Pfarrer will mehr wissen
Jüdische Spurensuche
Elli Maresch / privat
16.07.2015
esz
Artikel:
Download PDF
Drucken
Teilen
Der Turm mit seiner barocken Haube musste 1790 nach einem schweren Unwetter wieder neu aufgebaut werden. Elemente des bäuerlichen Barocks – blau gestrichene, mit bunten Rosen bemalte Holzsäulen, ein reich verzierter Orgelprospekt mit Engeln und einem Herzen im Strahlenkranz – prägen den Innenraum. Das große Kruzifix, das der Bildhauer Otto Flath nach dem Zweiten Weltkrieg schuf, fügt sich harmonisch ein.
Mit einer Innenraumrenovierung in den Jahren 1974 bis 1976 sowie einer Dach- und Turmsanierung 2012 bis 2014 ist die Kirche in gutem Zustand. Schmucklose Flachdachbauten von 1968 sind das Pfarr- und das Gemeindehaus. Kirche und Gemeindehaus werden vielseitig genutzt, Ober-Seemen ist eine volkskirchlich geprägte Gemeinde, gute Nachbarschaft mit den Ortsvereinen, mit Schule und Kindertagesstätte trägt dazu bei, viele Menschen zu erreichen.
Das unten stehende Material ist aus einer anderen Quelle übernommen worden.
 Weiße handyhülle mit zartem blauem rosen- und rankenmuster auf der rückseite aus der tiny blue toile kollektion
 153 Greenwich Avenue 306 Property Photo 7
Die Ober-Seemener empfinden die Kirche tatsächlich als mitten im Ort. So gibt es neben dem Kirchenchor, geleitet von Andreas Göbel, drei weitere Gesangsgruppen in Ober-Seemen. Zweimal im Jahr nutzen sie die Kirche zu gemeinsamen Konzerten, geistliche und weltliche Musik locken viele Zuhörer an. Das Sommerfest feiern rund um die Ober-Seemener Kirche alle vier Gemeinden miteinander, obwohl auch die Filialorte – Mittel- und Nieder-Seemen und Volkartshain – eigene historische Kirchen haben.
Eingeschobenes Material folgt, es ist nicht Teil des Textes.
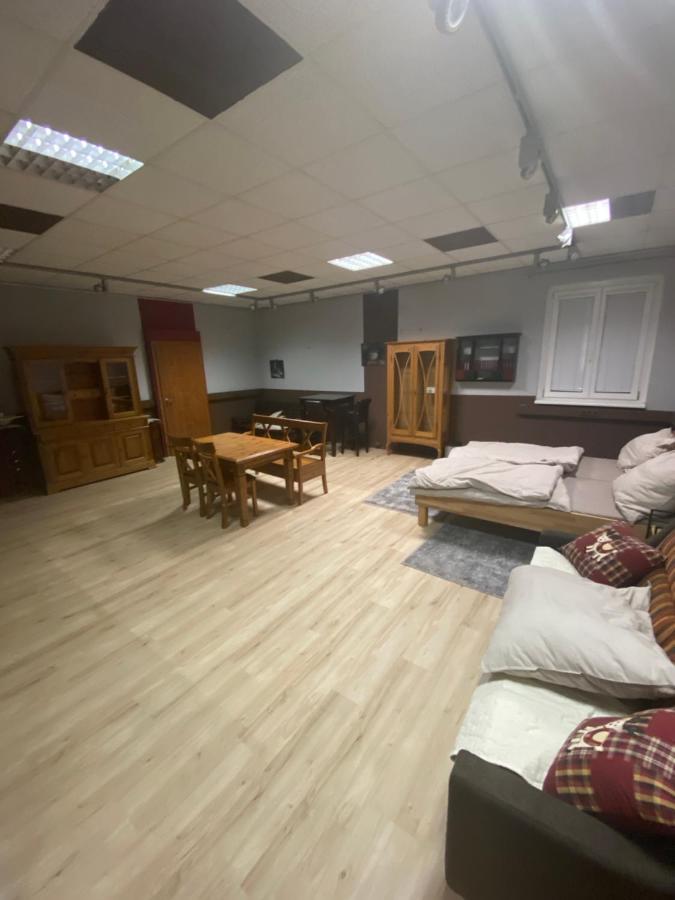 Nous Cafe & Restaurant Ξενοδοχείο Krumnussbaum Εξωτερικό φωτογραφία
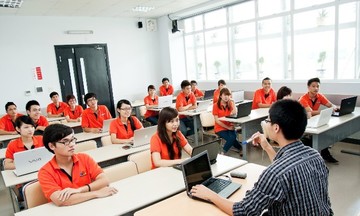 Đại học FPT trích 80 tỷ đồng hỗ trợ học phí cho sinh viên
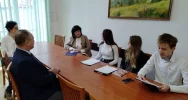 „Projektanci edukacji” z Mordarki z wizytą w Urzędzie Gminy - zdjęcie 3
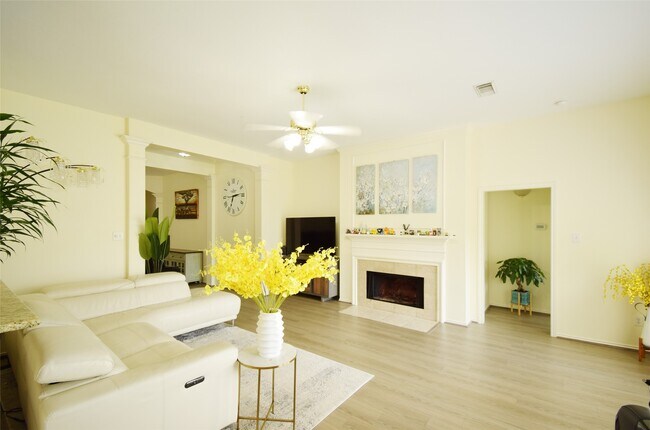 Foto del edificio - 3219 Summerland Dr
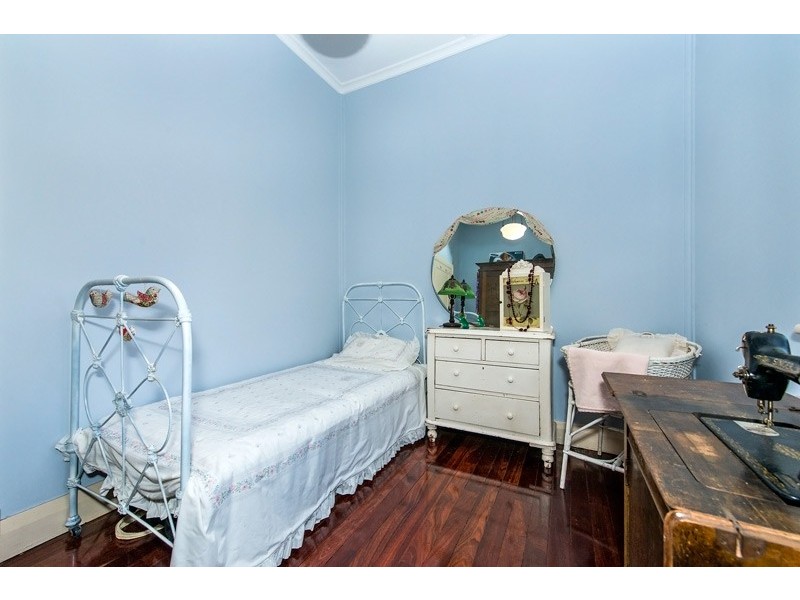 13 Gilbert Street, Bayswater WA 6053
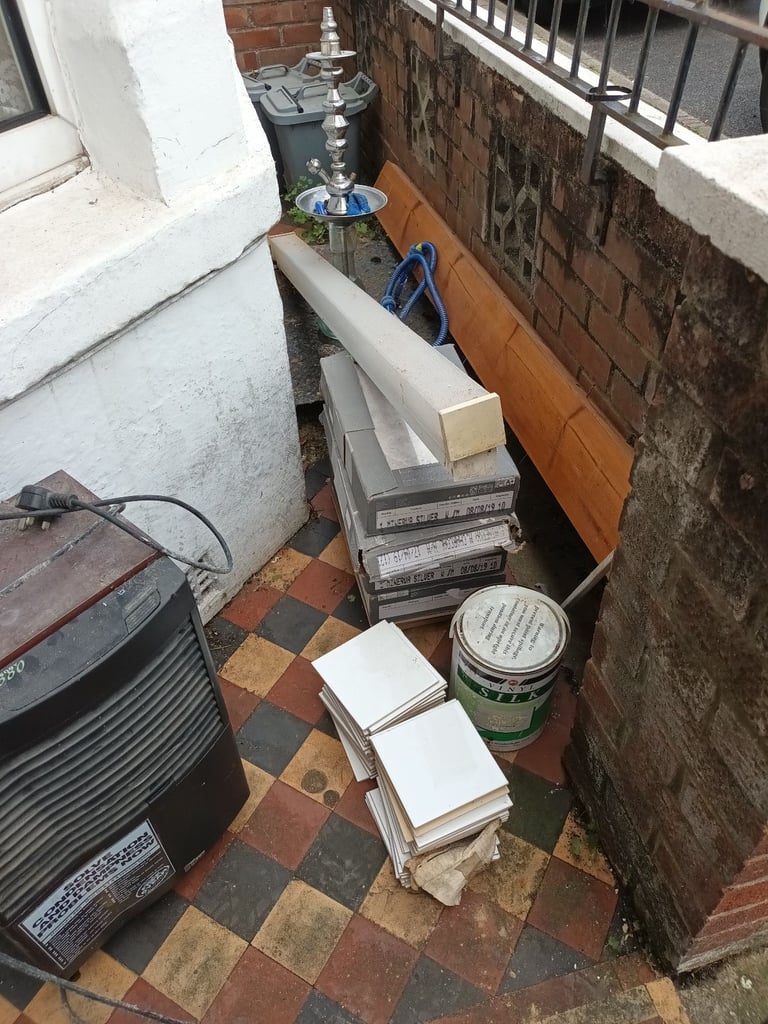 Random items in forecourt Powerscourt Road help yourself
Kirchengemeinde Seydain Sachsen-Anhalt ist Partner
Am vierten Advent laden die Ober-Seemener Vereine zu einem Weihnachtsmarkt rund um die Kirche, bei dem auch die Frauen der Spinnstubb, des Handarbeitskreises der Gemeinde, ihre Socken, Handschuhe, Kindersachen und Kuscheltiere verkaufen. Irmgard Kipper und Lieselotte Jung organisieren diese Gruppe. Der Erlös fließt gemeinnützigen Projekten, etwa der regionalen Sozialstation oder dem Gederner Krankenhaus, zu.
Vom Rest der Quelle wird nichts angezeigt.